Prevention in Tennis Players
- Use correct backhand technique — hit with a stable wrist, not a flicked forearm.
- Ensure grip size is appropriate (too small increases forearm muscle effort).
- Consider lower string tension, which reduces shock transmission.
- Build forearm strength gradually and include warm-up and cool-down routines.
- Avoid sudden increases in playing volume.
Tennis Elbow vs. Golfer’s Elbow
A common point of confusion:
| Condition | Affected Side | Tendons Involved |
|---|---|---|
| Tennis elbow (lateral epicondylitis) | Outside of elbow | Wrist extensor tendons |
| Golfer’s elbow (medial epicondylitis) | Inside of elbow | Wrist flexor tendons |
Both are overuse tendon injuries but affect opposite sides of the elbow and involve different muscle groups.
Quick summary: Tennis elbow is an overuse injury to the tendons on the outside of the elbow, most commonly caused by repetitive forearm and wrist movements. Treatment centers on rest, physiotherapy exercises, and activity modification. It affects far more non-tennis players than tennis players and is one of the most common arm injuries in adults.
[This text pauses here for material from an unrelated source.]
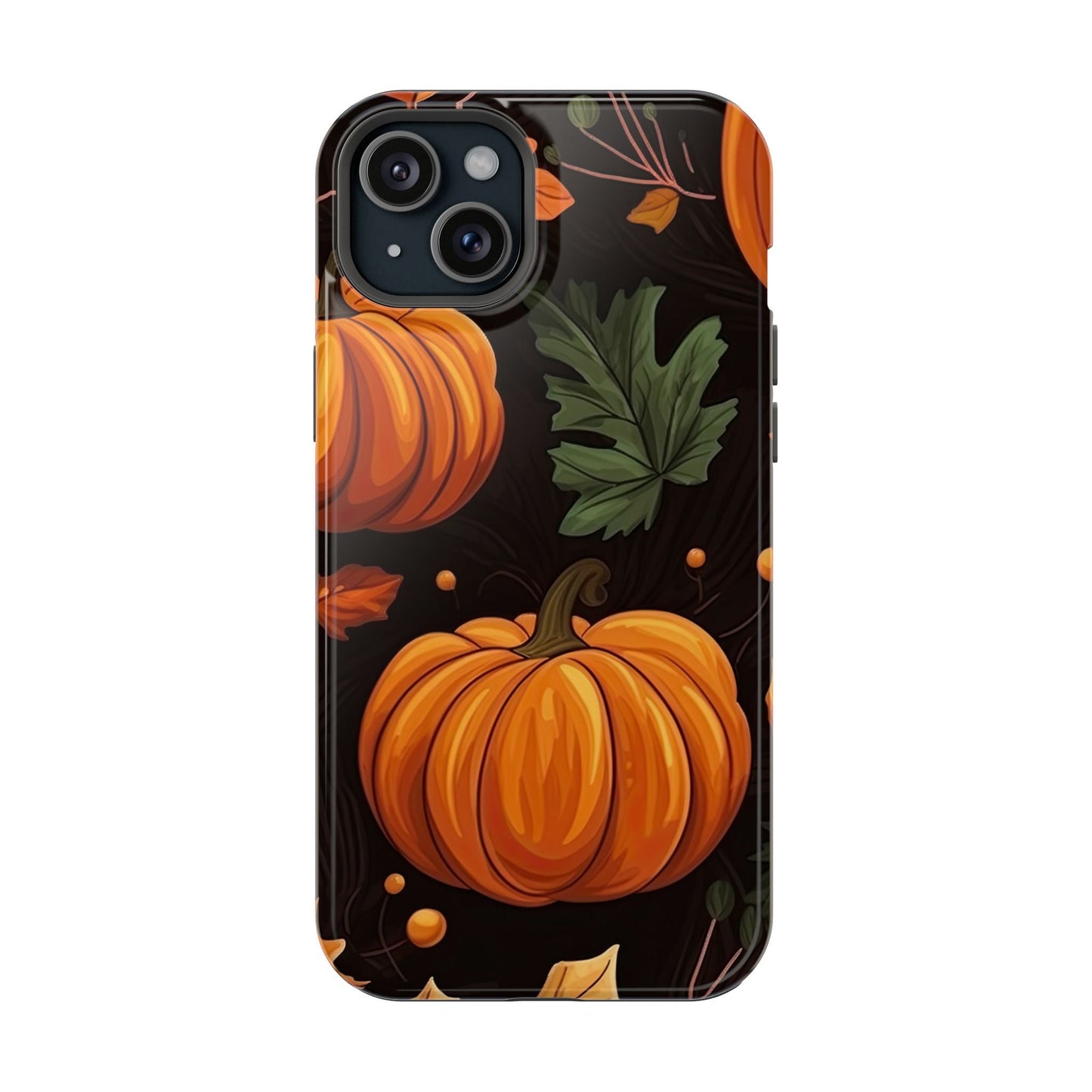Pumpkin Patch Paradise MagSafe iPhone Case - BOGO Cases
Frequently asked questions
What causes tennis elbow?+
Tennis elbow is caused by repetitive strain on the tendons that attach the forearm muscles to the lateral epicondyle (the bony bump on the outside of the elbow). It is common in racket sports due to gripping and swinging, but also affects painters, carpenters, plumbers, and desk workers who perform repetitive arm movements.
How long does tennis elbow take to heal?+
Most cases of tennis elbow resolve within several months with rest, physiotherapy, and conservative treatment. Severe or neglected cases can take longer. Surgery is rarely needed but may be considered when conservative methods fail after an extended period.
How is tennis elbow treated?+
First-line treatment includes rest, activity modification, ice application, physiotherapy exercises to strengthen the forearm, and anti-inflammatory medication. Bracing (a counterforce strap worn below the elbow) can reduce strain during activity. In persistent cases, steroid injections or platelet-rich plasma (PRP) therapy may be used.